What’s Your Plan?

I will be the first person to admit that I am very possessive of MY schedule.  When I make a plan and write down a schedule, I really don’t like unexpected changes.   It’s not that I plan my day out hour by hour or minute by minute.  That’s a bit too rigid for me.

I just have an idea of what needs to get done, how and when (approximately) I’d like to get it done.  Any upset and I am easily irritated and annoyed.

The truth is as much as I pray for God to guide my day and show me the steps to take, I want Him to work within MY schedule.

Yes, that’s right.  I said it.

It’s terribly embarrassing to realize my attempts to box the God of the Universe to fit into my tiny little world.  It’s actually horrifying.

Am I trying to BE God?

Cuz that puts me right in the ranks of a certain angel who lost his place in the heavenlies and became the mortal enemy of God and humanity.

So in praying today, after coming to the realization that I was trying to control my world and asking God to fit within my guidelines, I had to be really honest about giving God my day and asking Him to guide me.  I also had to confess and ask Him to allow me to recognize my pride and need for control.

It goes back to that nasty lie I have believed for so long: “God is not enough.”  If He was, I would not question the interruptions of my day but receive them as part of His plan for me…

For I know the thoughts and plans that I have for you, says the Lord, thoughts and plans for welfare and peace and not for evil, to give you hope in your final outcome.
~ Jeremiah 29:11 (Amplified)

Knowing that God has thoughts for me – plans for me – plans for welfare and peace – and NOT for evil – I can rest and trust that HE is taking care of me and all the details of my life.  I can replace my false belief with the truth and relax with every unexpected blessing He brings my way.

I can make plans and schedule order in my day.  But ultimately, it comes down to Proverbs 16:9:

A man’s mind plans his way, but the Lord directs his steps and makes them sure. (Amplified)

The key to success in my day and schedule, in anyone’s day and schedule, is making plans and giving them to God.  He knows our greatest needs – He knows what we need to accomplish and how we can accomplish them.  He also knows the “fluff” that we fill our days with and will help us line our priorities up with His.
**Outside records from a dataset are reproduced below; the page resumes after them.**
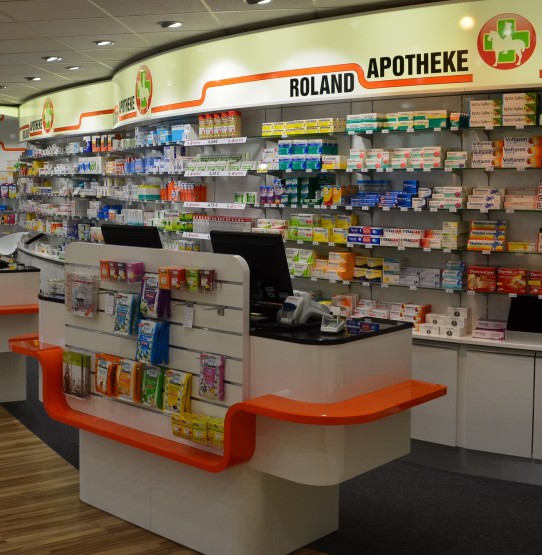 apothekenbau-baden-württemberg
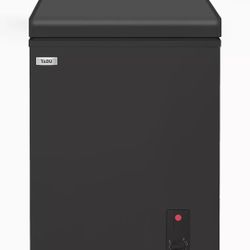 Chest FREEZER. Price Is Negotiable 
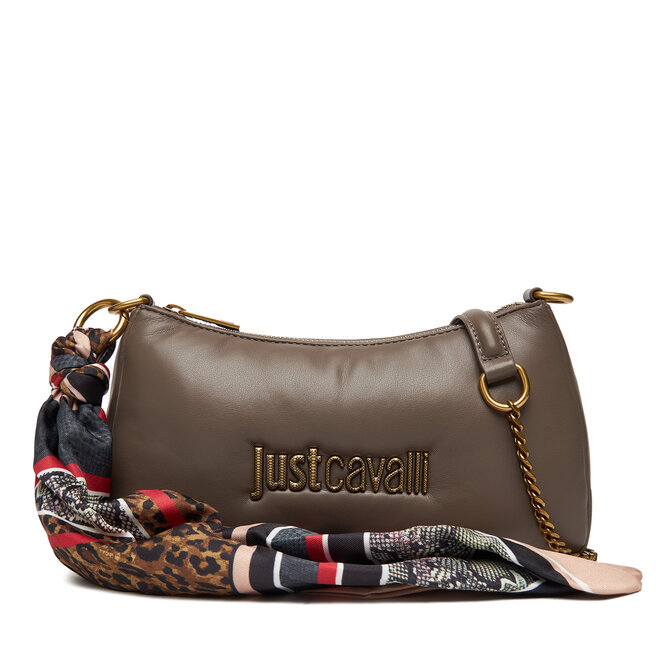 Torebka Just Cavalli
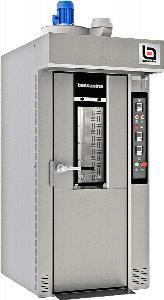 печь_ротационная_bassanina_fr_compact_46_платформа_lcd_1.jpg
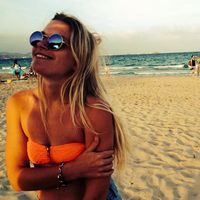 Photos de Clara Wermter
If you have a tough time – like I do – with making and keeping to a schedule or accomplishing your necessary responsibilities – maybe it’s time to go to God and ask Him for His help minute by minute, hour by hour – and to teach you how to put your plan within HIS plan for you.

P.S. – If you need a practical tool to help you stay on top of your family’s schedule and activities – check out my post at Mommies Coffee Break today!  You can’t control every minute of every day, but having order provides some measure of peace. =)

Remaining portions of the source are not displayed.